One of the most atmospheric and well-written IF ever released, Lethe Flow Phoenix is a great game by Dan Shiovitz that is full of mystical overtones, dream-like surrealism, and several nice plot twists. The game begins on one Halloween night, casting you as a solo camper who accidentally pitched yourself over a cliff while investigating strange noises during your nocturnal contemplation. When you awaken, you find yourself in a stranger a strange land, left alone to find out why you are here and how you can return. |
The strength of Lethe Flow Phoenix its the excellent prose, which is highlighted in the many lengthy, non-interactive cut scenes that are very poetic and beautiful. Lethe Flow Phoenix recalls a later IF classic Sunset over Savannah, both in the strong writing and the focus on the protagonist’s internal conflicts—you will have to come to terms with your past in the game.
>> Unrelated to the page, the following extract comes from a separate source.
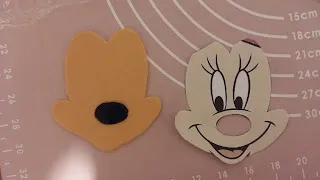 Zusammengesetztes Minnie Maus Gesicht aus hellfarbenem Fondant auf schwarzem Fondant, bereit für weitere Details der Geburtstagstorte.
The puzzles in general are fair, I would say just about average for an IF. The game starts with a somewhat annoying find-something-to-eat-before-you-die puzzle, but it gets better from there. There are plenty of hints in the game, so even trial-and-error puzzles can be solved after a few tries. The game is a bit too short, but it most likely feels that way because I was so engrossed in the game that I played it through the first time. (Dan actually thought it was a bit too long for the 2-hour limit of the 1995 IF Competition, which was why he didn’t enter the game that year). Although the ending leaves some loose ends unexplained, in the game’s context it was probably better than alternatives. Overall, if you like a short-to-medium, surrealistic/fantasy IF in which the prose flows eloquently and evocatively, Lethe Flow Phoenix is a must-have.